WASHINGTON – A burst of heavy snow at the height of the morning rush mixed with higher than expected accumulation set up the conditions for a disastrous Tuesday morning commute.
Instead of the predicted 1 to 2 inches of snow, closer to 4 to 6 inches fell throughout th region. And initial decisions to keep schools open contributed to heavy traffic volumes on the roads during the heaviest snowfall. Hundreds of accidents – including some involving students – further complicated efforts to clear roads.
Arlington and the Maryland State Highway Administration issued explanations regarding their efforts to clear roads, saying that the traffic volume and crashes on the roads made it difficult to plow the roads.
“Based on the weather forecasts, our crews anticipated a much milder snow event today,” said Arlington County Manager Barbara Donnellan in a statement. “By the time it was clear that frigid temperatures were causing hazardous conditions, thousands of commuters and parents driving kids to school were already on the move.”

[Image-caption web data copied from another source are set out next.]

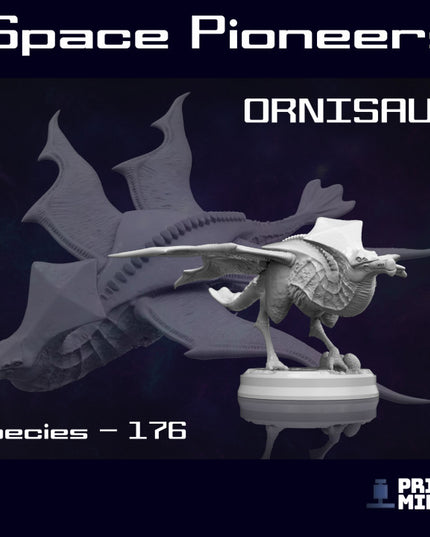 Aliens & Monsters - Creatures from an Alien Planet - Space Pioneers Collection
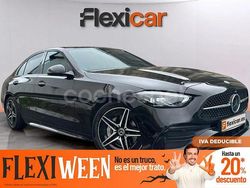 Negro Usado 2022 Mercedes C220 Berlina | 38.990 € (Precio justo)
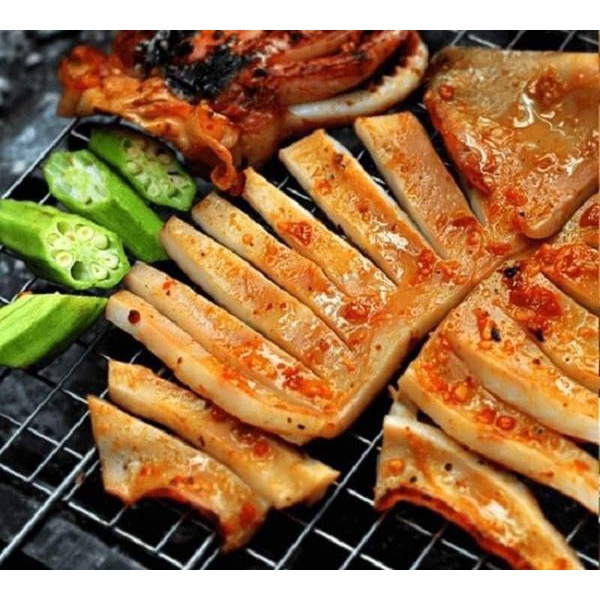 Mực một nắng COTO net đủ không mạ đá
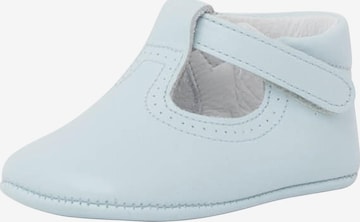 Pisamonas - Zapatos primeros pasos en azul: frente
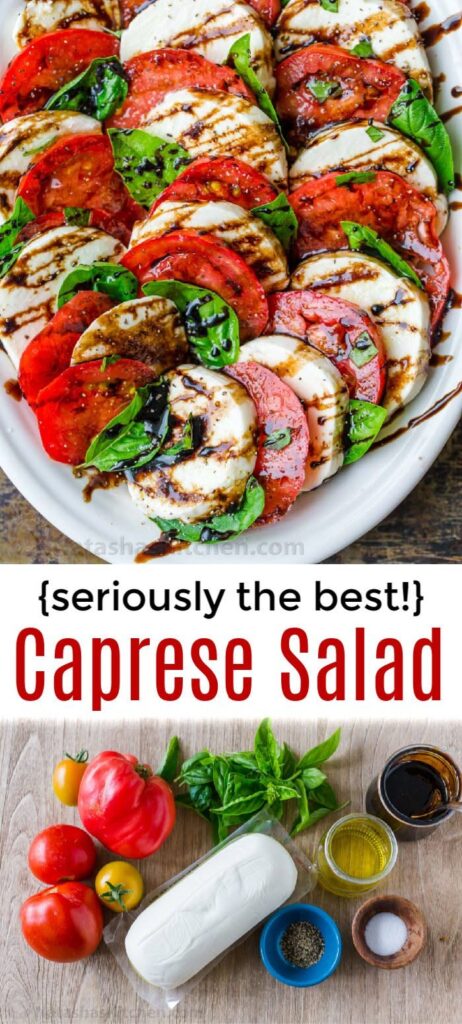 caprece salad recipe
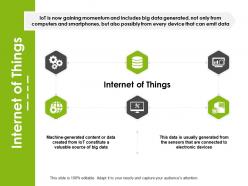 Internet of things electronic devices ppt powerpoint presentation infographic template layouts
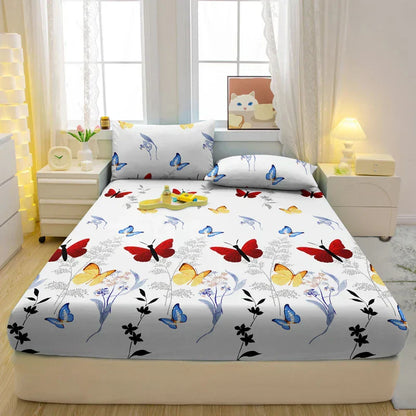 Bedding Sets Luxury – Soft Butterfly Pattern Sheets for Elegant Bedrooms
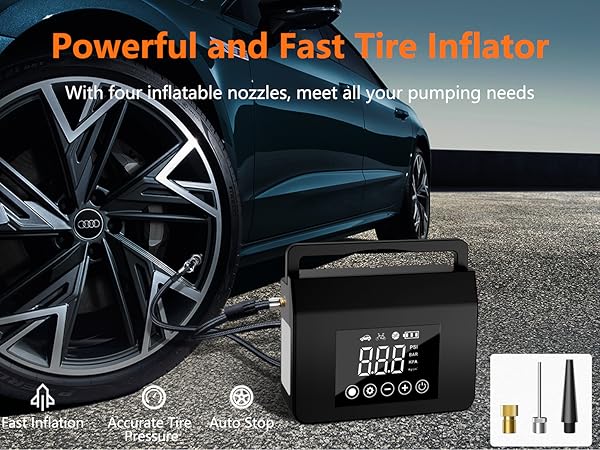 Powerfuland Fastire Inflator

“This morning’s efforts to clear the snow primarily were impacted by the volume of traffic. Crews can also be delayed by crashes resulting from vehicles driving too fast for conditions. Please put your safety and the safety of others ahead of the need to get where you’re going quickly by following the rules of the road,” the Maryland State Highway Administration said in a statement.
— Dave Dildine (@DildineWTOP) January 6, 2015
A similar scenario unfolded on Jan. 26, 2011 when a well-forecast storm dropped 3 to 8 inches of snow during the afternoon rush hour creating travel nightmares that collectively became known as “Carmageddon.”

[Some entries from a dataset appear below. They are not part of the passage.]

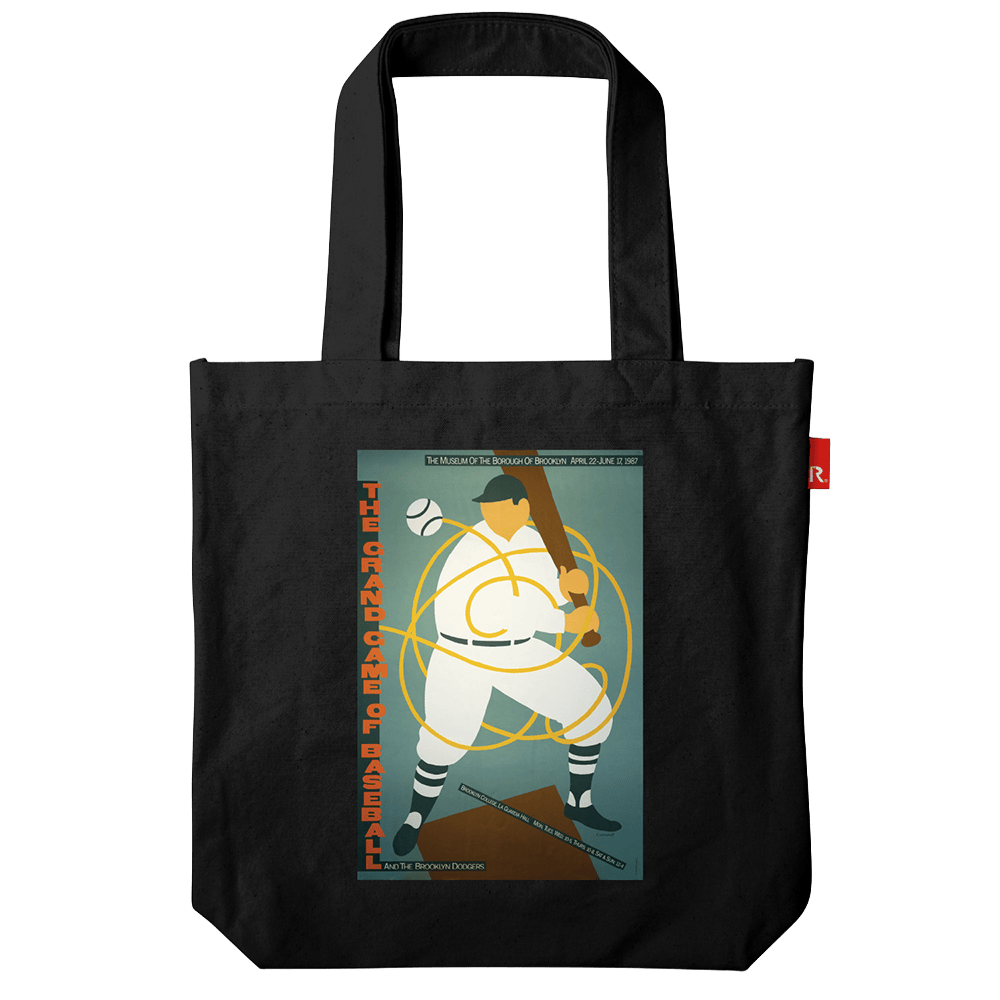 PushPin by Seymour Chwast × ROOTOTE / THE BRAND GAME OF BASEBALL TALL / 002508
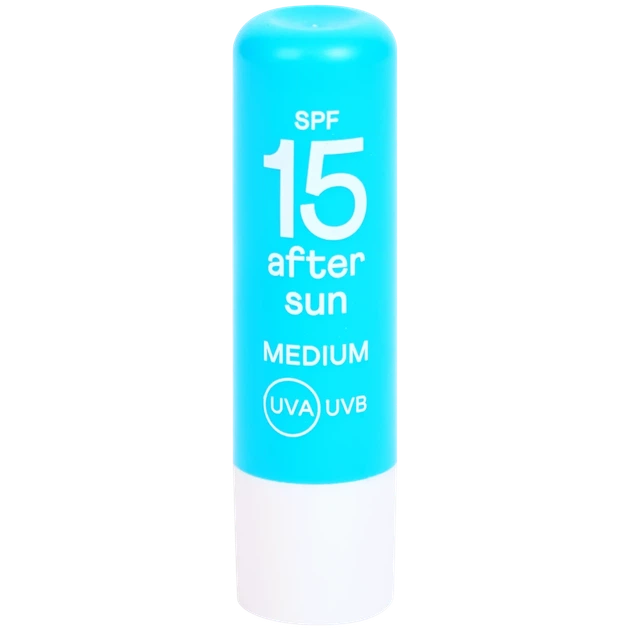 Веганский бальзам для губ после солнца SPF 15, с ментолом, охлаждает, успокаивает и восстанавливает - изображение 3
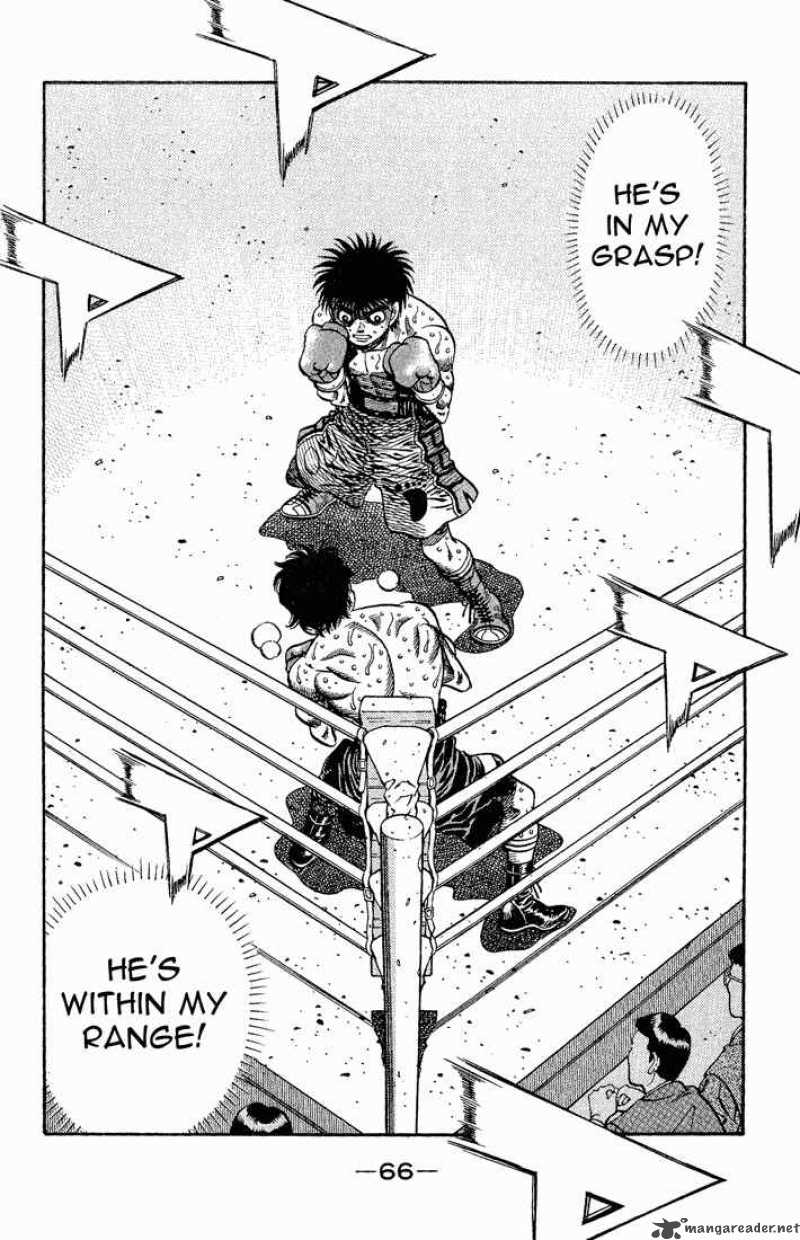 HAJIME NO IPPO Chapter 588 - Page 2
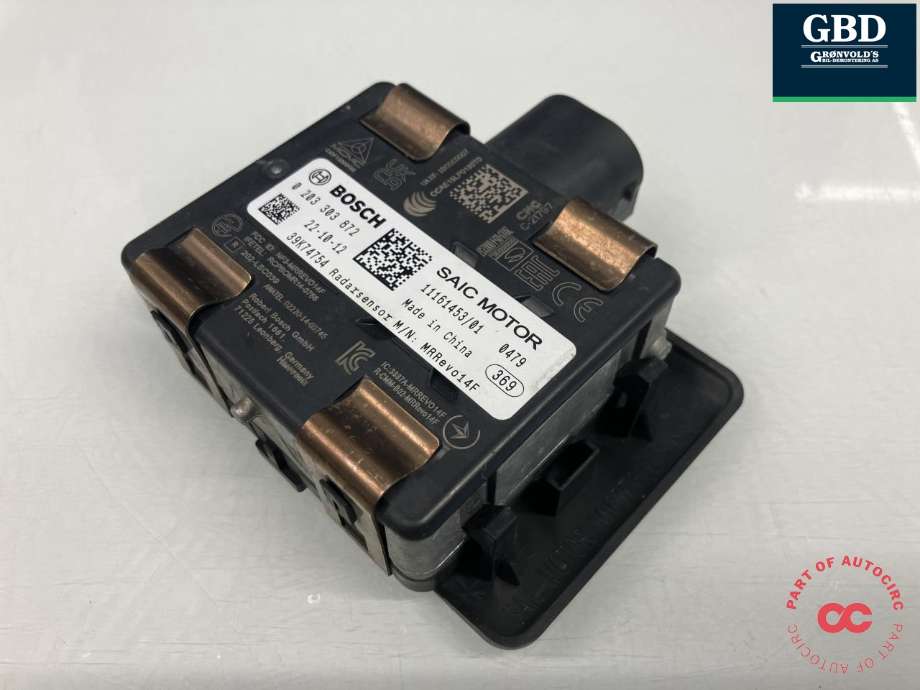 Sensor radar til MG Marvel R 2021-->>  (11161453|)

Timing is everything when it comes to how Washington reacts to snow, says Dan Hofmann with the National Weather Service. “It was the worst possible time for snow, whether it was a quarter of an inch or four inches.”

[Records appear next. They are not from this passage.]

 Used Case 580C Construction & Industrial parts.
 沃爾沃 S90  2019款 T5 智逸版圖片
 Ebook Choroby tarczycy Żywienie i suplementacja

“We knew there was going to be widespread snowfall and we knew the potential was there for some areas to pick up 3 to 5 inches. That is what happened right across the Washington D.C. metro area. If it had happened overnight… the impact presumably would have been a lot less.”
Drivers reported their normal commutes of 30 minutes took hours and some said it took them as long as three hours to make it into work.
Commuters encountered snow-covered roads on U.S. 50 in Maryland and on Route 28 in Virginia. Georgetown Pike was all-but shut down with cars littering the sides of the curvy, hilly road. Police responded to hundreds of slide-offs, spin-outs and vehicles stuck in or on the sides of the snowy roads.
School buses were similarly ensnarled in the deeper-than-expected snow, taking much longer to arrive at their destinations.
“Anytime a storm rolls through during rush hour, especially when it’s supposed to be minimal and the next thing you know, it becomes an overachiever like this seems to have become. “With the ice, the snow and the amount of traffic on the road, it made for a very challenging morning,” says Lt. TJ Smith with Anne Arundel County police.
Although the snow has continued to taper off, the cold temperatures will remain making re-freezing slush and icy roads a concern as the sun sets.
“We just want to encourage people to not get on the roads if you don’t have to,” says Smith. “Just take your time. It’s going to take you much longer to get where you need to be today. And don’t rush to get there because if you do, that’s when problems can occur.”